Jörg Fauser: Der Schneemann

Dem halbseidenen Kleinkriminellen Siegfried Blum fallen mehr oder weniger durch Zufall fünf Pfund Kokain in die Hände. Er versucht es loszuwerden. Anfangs zu einem guten Preis, irgendwann überhaupt. Doch der „Schneemann“ hat dabei nicht wirklich viel Glück.

Malta, Frankfurt, Amsterdam – das sind noch lange nicht alle Stationen, auf denen der Hörer Herrn Blum begleiten kann. Überall versucht er sein Glück und nirgendwo findet er es. Weder emotional noch finanziell. Dieser knapp 40-jährige Typ, der versucht, ein bisschen am Wohlstand mitzumischen und doch immer wieder nur in heruntergekommenen Hotelzimmern landet und von billigen Frauen flankiert ist, kann einem irgendwie leid tun. Er erinnert an diesen ganz speziellen selbstgefälligen und schmierigen Typ mittleren Alters, der noch nicht erkannt hat, dass das Leben ihn links liegen gelassen hat und der im Brustton der Überzeugung in einem schlecht sitzenden Anzug und mit etwas zu viel Promille im Blut stets verkündet, das Leben hätte ihn auf der Sonnenseite gebettet.

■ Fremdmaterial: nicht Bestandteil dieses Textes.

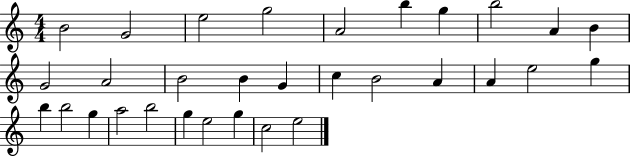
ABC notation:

X:1
T:Untitled
M:4/4
L:1/4
K:C
B2 G2 e2 g2 A2 b g b2 A B G2 A2 B2 B G c B2 A A e2 g b b2 g a2 b2 g e2 g c2 e2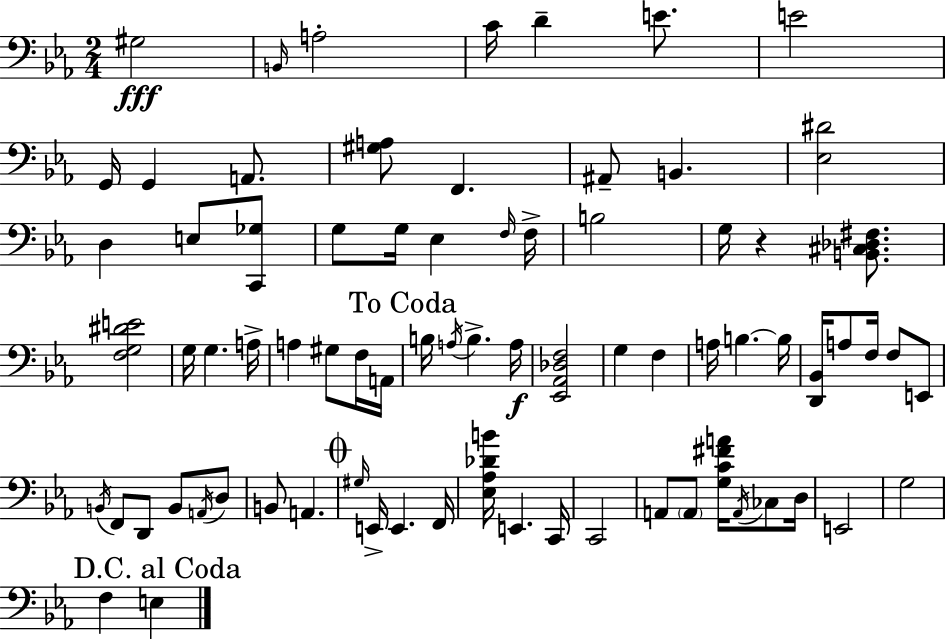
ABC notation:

Der Schneemann fühlt sich im Laufe der Zeit verfolgt, ist sich nicht sicher, ob seine Paranoia dem Genuss des weißen Pulvers oder der realen Bedrohung entspringt. Setzt auf falsche Pferde und merkt nicht, dass er von Anfang an nur eine Spielfigur im Leben anderer war.

Der Autor Jörg Fauser, 1987 an den Folgen eines Verkehrsunfalls gestorben, hatte mit dem Roman „Der Schneemann“ seinen literarischen Durchbruch. Ich persönlich habe weder das Buch gelesen noch den Film gesehen. Ich kenne nur das Hörbuch, aber nachdem es sich um eine ungekürzte Fassung handelt, macht das wohl kaum einen gravierenden Unterschied. Sprecher Heikko Deutschmann ist professionell wie immer – wobei das „wie immer“ hier der Knackpunkt ist, denn auf Dauer ist es ziemlich langweilig, grundsätzlich die gleichen Stimmen im Hörbuchbereich zu verwenden. Aber am Sprecher lag es nur bedingt, dass mich das Werk nicht ganz überzeugen konnte. Ganze sechs CDs lang – und das ist lang! – hab ich mich gefragt, wann die Geschichte ein bisschen an Tempo gewinnt. Und das, obwohl die jeweiligen Milieustudien gut gelungen sind: Hier hat man tatsächlich teilweise das Gefühl, die schmierige Gesellschaft eines pornosüchtigen Pakistanis ertragen zu müssen, die Gedanken Blums direkt einzusaugen oder seine billigen Gespielinnen riechen zu können. Auch die immer wieder auftauchenden überzogenen Krimi-Elemente und die Grundtraurigkeit, die die Hauptfigur umspielt, sind gelungen. Doch trotzdem: Ich hatte mir von einem so hochgelobten Werk mehr erwartet. Viel mehr.